To love like God is to be devoted to one another, like a parent is to a child, and to care for one another like family does because you are a family, to see one another’s value in Christ.
Finally, don’t be lazy (lacking diligence) in your sacrificial service to God, but be glowing with intensity, boiling hot (fervent) in your service to Him. One of the dangers of grace is ingratitude and laziness. In his book “The Cost of Discipleship”, Dietrich Bonhoeffer tells us, “Cheap grace is the grace we bestow on ourselves. Cheap grace is the preaching of forgiveness without requiring repentance, baptism without church discipline, Communion without confession…Cheap grace is grace without discipleship, grace without the cross, grace without Jesus Christ, living and incarnate.” Cheap grace is to receive God’s forgiveness and then to grow lazy in our self-sacrifice and cold in our service to Him. It looks a lot like much of our modern worship, feel good emotionalism and entertainment without the compassion of Christ that leads us into feeding the hungry, caring for the hurting or healing the broken-hearted.
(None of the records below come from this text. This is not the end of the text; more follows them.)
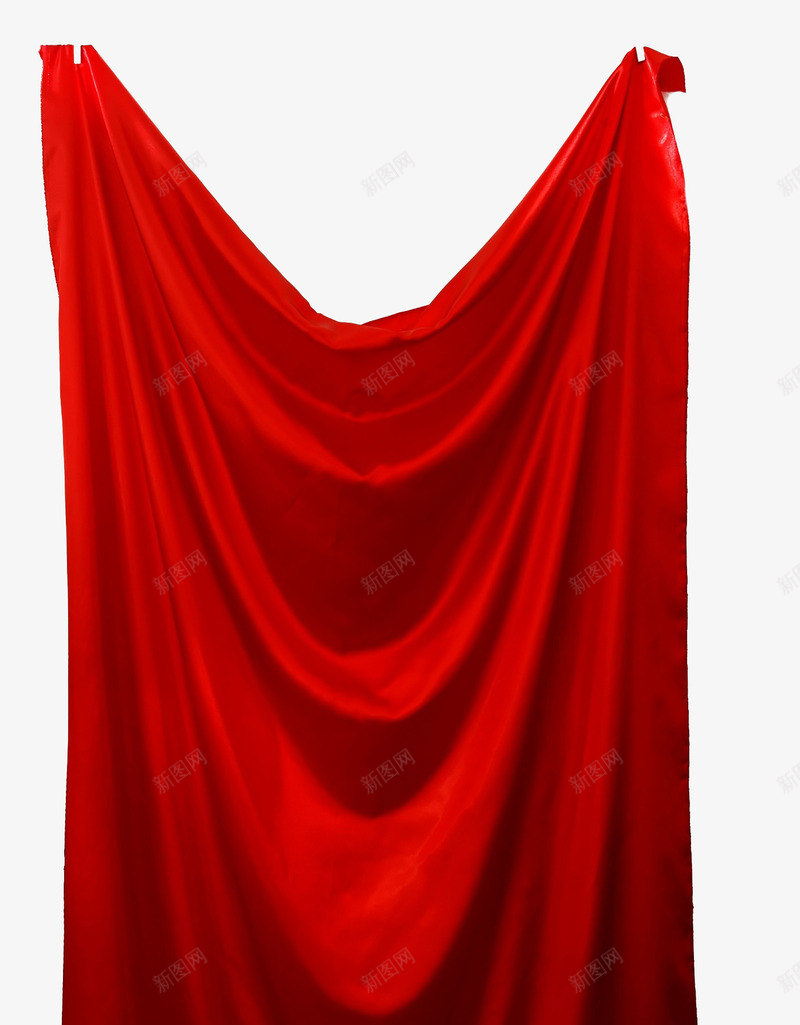 红布png免抠素材_88icon https://88icon.com 布料 彩色布 红布绸 织物 褶皱
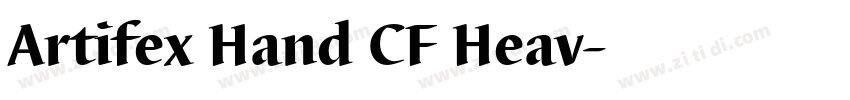Artifex Hand CF Heav字体转换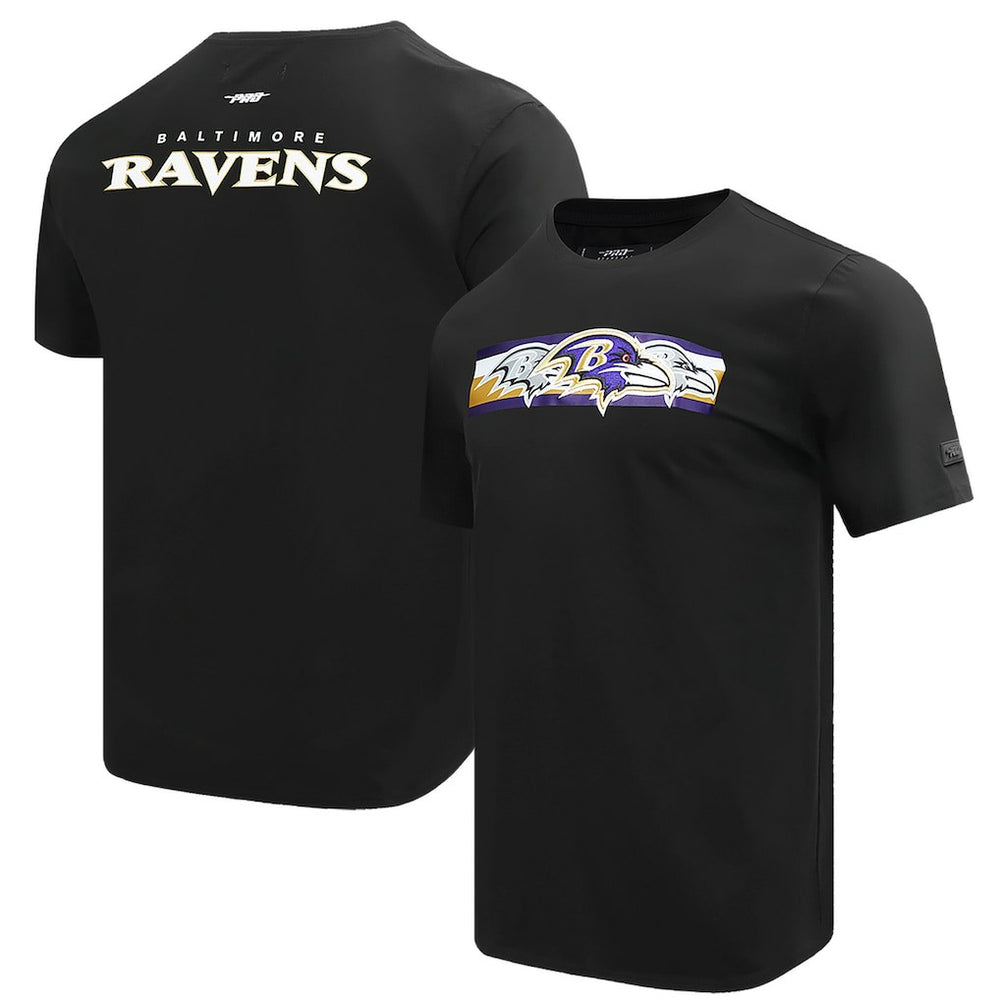 Baltimore Ravens Pro Standard Retro Striper T-Shirt Black - NFL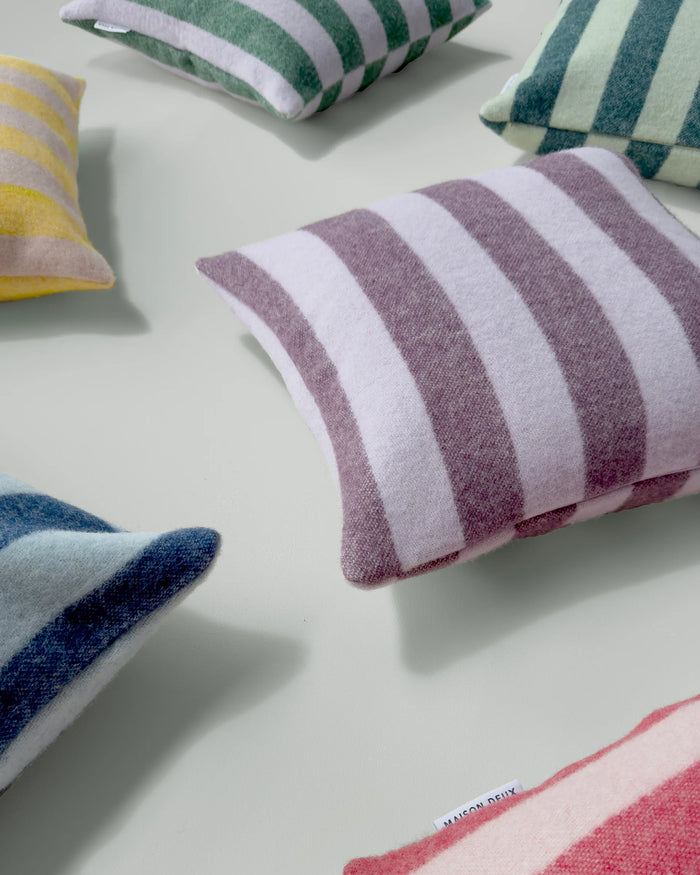 Cushion Cover CANDY WRAP Lilac / Green 20 x 20in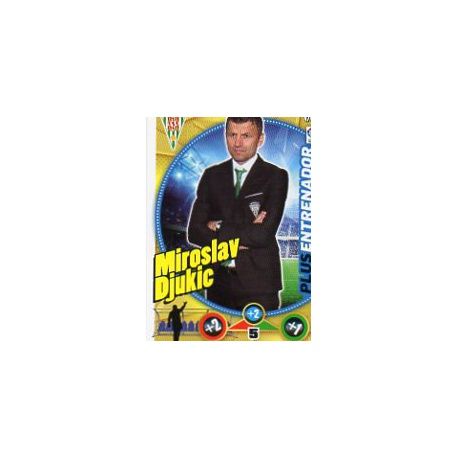 Miroslav Djukic Plus Entrenador 474 Adrenalyn XL La Liga 2014-15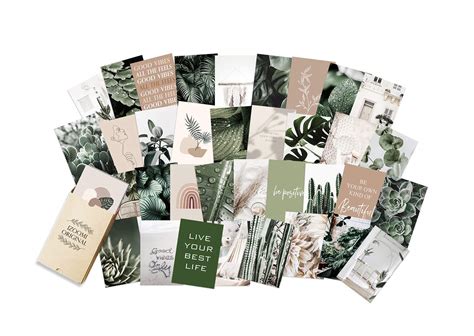 Buy Botanical Wall Collage Kit Aesthetic Pictures Aesthetic Room Decor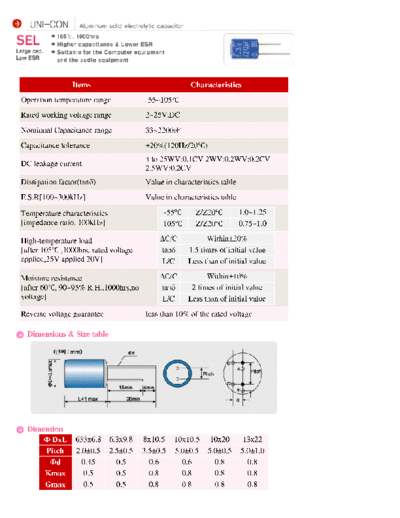 Sungho [polymer thru-hole] SEL Series
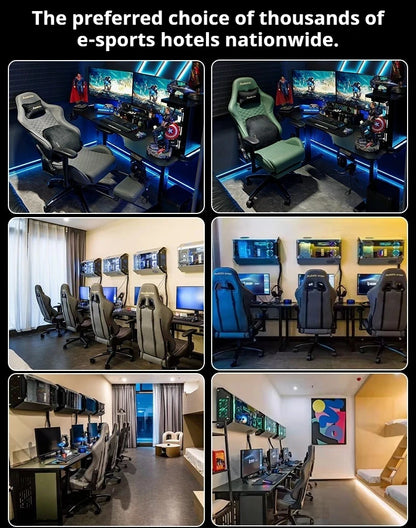 Office Ergonomic Gaming Chair Computer Desk Chair with Armrests, Comfortable Ergonomic Gaming Chair for Home Office, Bedroom & Gaming Room, Technology Fabric Executive Chair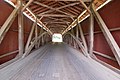 Baumgardener's Covered Bridge, showing the truss protected by the covering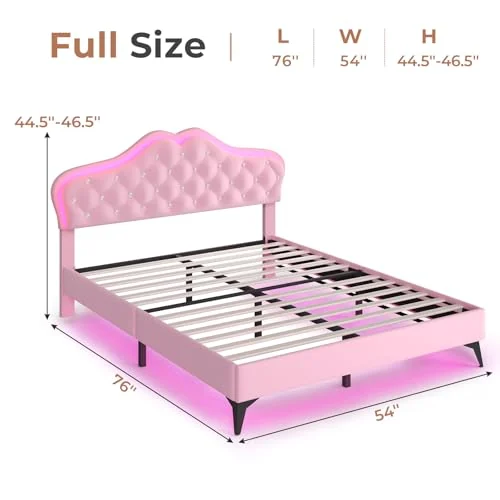 BTHFST Girls LED Full Bed Frame, photograph 2 of 8 published for this piece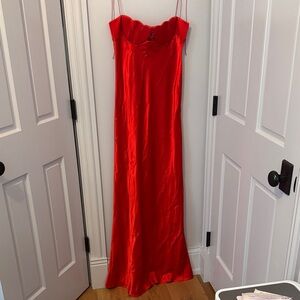 Anna October Red Maxi Dress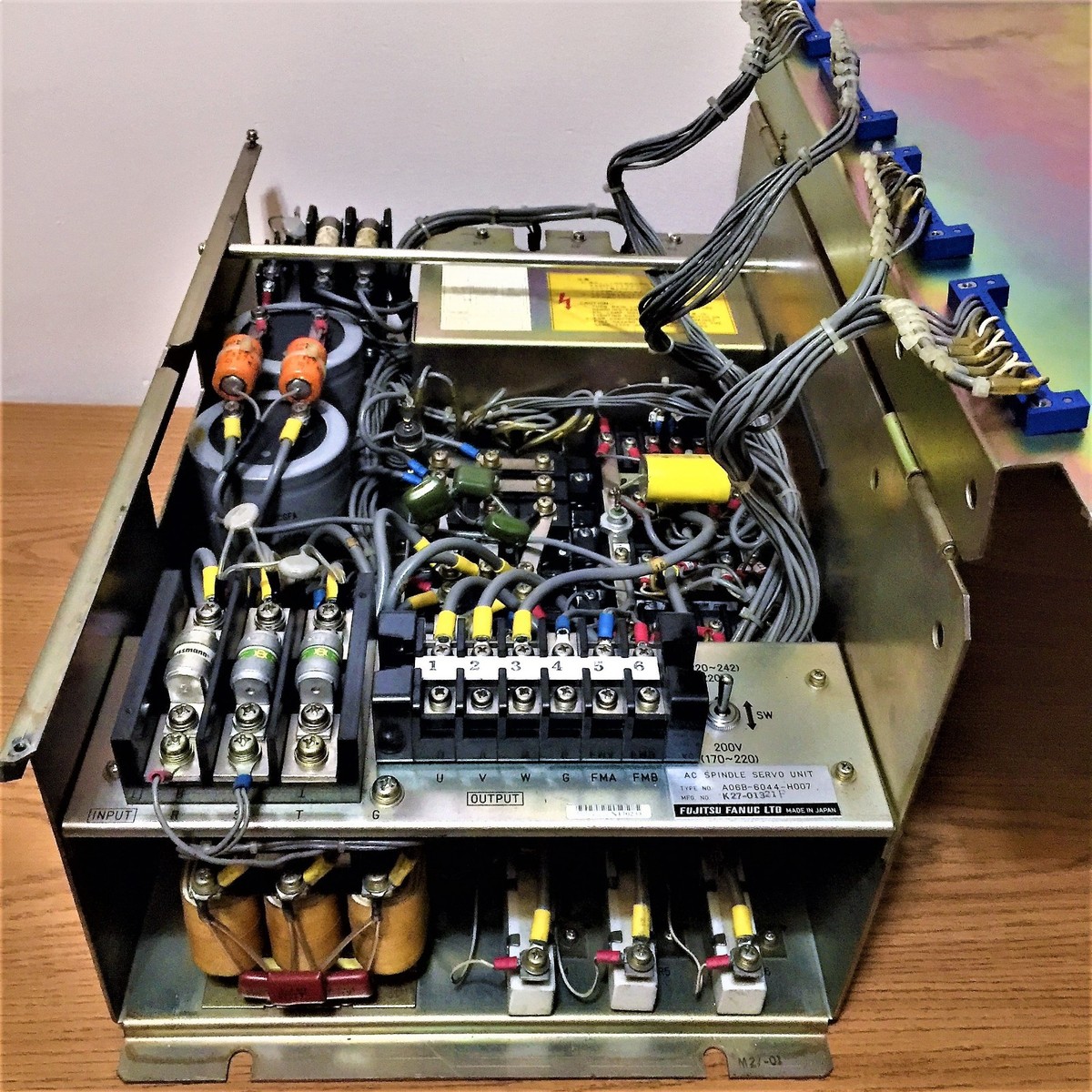 FUJITSU FANUC A06B-6044-H007 AC SPINDLE SERVO UNIT K27-01321F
When I was a young Christian, my pastor would often say that too many Christians tend to: “get all they can, can all they get, then sit on their cans (and my mother and grandmother thought I wasn’t listening).” That’s what Paul is addressing in this verse. Now that you’ve received God’s grace, now that His mercy has been poured out upon you, now that your sins are washed away and your heart has been made alive then don’t grow satisfied, lazy and cold. Don’t be lazy, instead be boiling over with love and zeal for serving God. Don’t pretend to love God, really love Him. Give yourself wholly to Him.
It’s ok to be a fanatic in today’s culture, as long as you aren’t a religious fanatic. You can be a sports fanatic. Many of us are – Boomer Sooner. You can be a food fanatic. Again, guilty. You can be a car fanatic. I love classic American muscle cars. You can even be a fanatic for music. I’m a bit eclectic in my music and love many different types and styles, but I love music. But the minute you talk about being crazy in love with God, people want you to calm down and get a grip on reality. Come on, religious fanaticism is what incites terrorism and religious acts of violence. Does it? I think it incites sacrifice and service. At least, it does if we love God the way He desires us to love Him – honestly, truthfully, and without hypocrisy.
To love God is to lie exhausted and spent on the the battlefield in service Him.
Paul says, we should stop pretending to love God and truly begin to love Him the way He desires and deserves. Stop acting like you love God and really love Him. Stop putting on a show for everyone else to see and let Him take control. Detest what is evil and destroys what God created us to be. Instead, super glue yourself to what is good for others, what God desires in them and for them. Love like family. Be devoted to each other. Lead out in showing others how valuable they are in God’s sight. Do all of this with an intensity that might scare the world, but do it in such a way that you are serving God and others.
Don’t just act like you love God, LOVE God!